Session Focus

  • Upper Body 60% 60%
  • Lower Body 30% 30%
  • Core 10% 10%

THE PLAN

We are going to run through a quick warm up and some shoulder stability exercises, and then today we have 3 main sets…!

For all the exercises simply move further away to tighten the cord to make sure its hard enough for the rep duration. You should be feeling it by the end of the set! Give yourself a minute or so rest between exercises too!

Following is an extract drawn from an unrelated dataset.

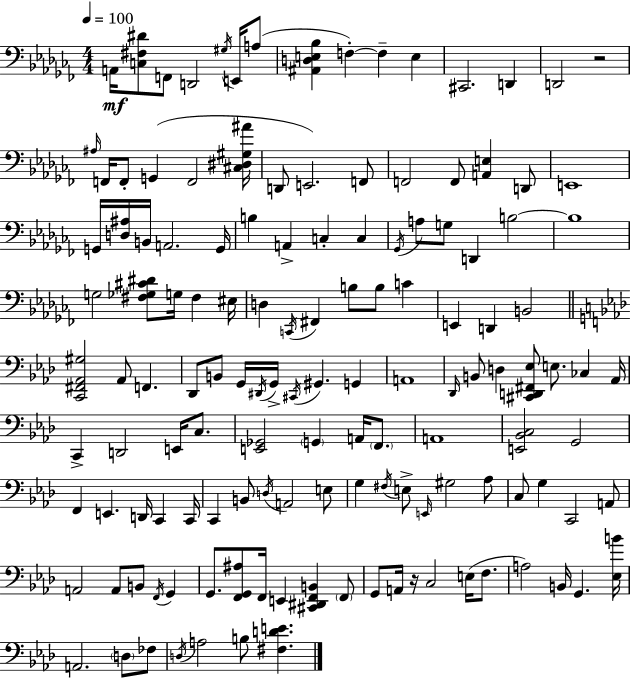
A2/s [C3,F#3,D#4]/e F2/e D2/h G#3/s E2/s A3/e [A#2,D3,E3,Bb3]/q F3/q F3/q E3/q C#2/h. D2/q D2/h R/h A#3/s F2/s F2/e G2/q F2/h [C#3,D#3,G#3,A#4]/s D2/e E2/h. F2/e F2/h F2/e [A2,E3]/q D2/e E2/w G2/s [D3,A#3]/s B2/s A2/h. G2/s B3/q A2/q C3/q C3/q Gb2/s A3/e G3/e D2/q B3/h B3/w G3/h [F#3,Gb3,C#4,D#4]/e G3/s F#3/q EIS3/s D3/q C2/s F#2/q B3/e B3/e C4/q E2/q D2/q B2/h [C2,F#2,Ab2,G#3]/h Ab2/e F2/q. Db2/e B2/e G2/s D#2/s G2/s C#2/s G#2/q. G2/q A2/w Db2/s B2/e D3/q [C#2,D2,F#2,Eb3]/e E3/e. CES3/q Ab2/s C2/q D2/h E2/s C3/e. [E2,Gb2]/h G2/q A2/s F2/e. A2/w [E2,Bb2,C3]/h G2/h F2/q E2/q. D2/s C2/q C2/s C2/q B2/e D3/s A2/h E3/e G3/q F#3/s E3/e E2/s G#3/h Ab3/e C3/e G3/q C2/h A2/e A2/h A2/e B2/e F2/s G2/q G2/e. [F2,G2,A#3]/e F2/s E2/q [C#2,D#2,F2,B2]/q F2/e G2/e A2/s R/s C3/h E3/s F3/e. A3/h B2/s G2/q. [Eb3,B4]/s A2/h. D3/e FES3/e D3/s A3/h B3/e [F#3,D4,E4]/q. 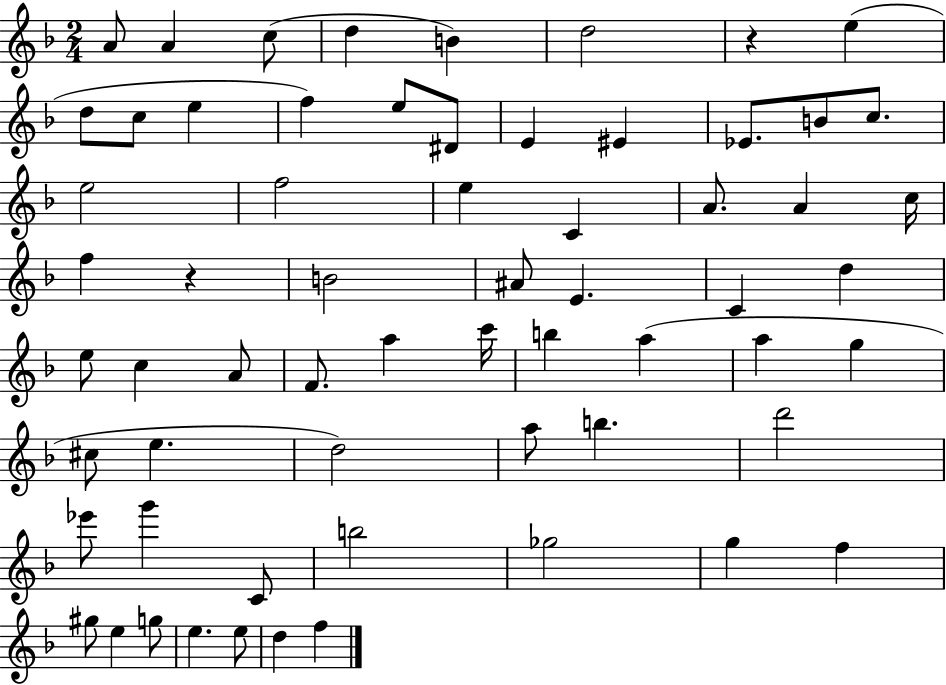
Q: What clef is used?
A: treble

The session should take about 35 minutes to complete! Good luck!

WARM UP…

1. Chest Press

3 x 40 secs with 20 seconds rest

• Stand upright in ‘press up position’

• Start with hands by your shoulders

• Push until fully extended

2. Standing Row

3 x 40 secs with 20 seconds rest

• Stand upright with shoulders back

• Start arms extended in front

• Pull arms back to armpits

3. Internal Rotation

2 x 30 secs left, 30 seconds right, 30 seconds rest

• Shoulders back

• Keep your elbow against your side

• Push across the body to opposite side

4. External Rotation

2 x 30 secs left, 30 seconds right, 30 seconds rest

• Shoulders back

• Keep your elbow against your side

• Pull across the body to opposite side

MAIN SET ONE

40 seconds FRONT KICK 20 seconds REST
40 seconds FRONT PULL 20 seconds REST

Repeat the above 3 times – it’ll take 6 minutes total!
Give yourself a few minutes rest after 😁

FRONT KICK

FRONT PULL

MAIN SET TWO

40 seconds BACK KICK 20 seconds REST
40 seconds BACK PRESS 20 seconds REST

Repeat the above 3 times – it’ll take 6 minutes total!
Give yourself a few minutes rest after 😁

BACK KICK

BACK PRESS

MAIN SET THREE

40 seconds DEADBUGS 20 seconds REST
40 seconds SWIM PULL 20 seconds REST

Repeat the above 3 times – it’ll take 6 minutes total!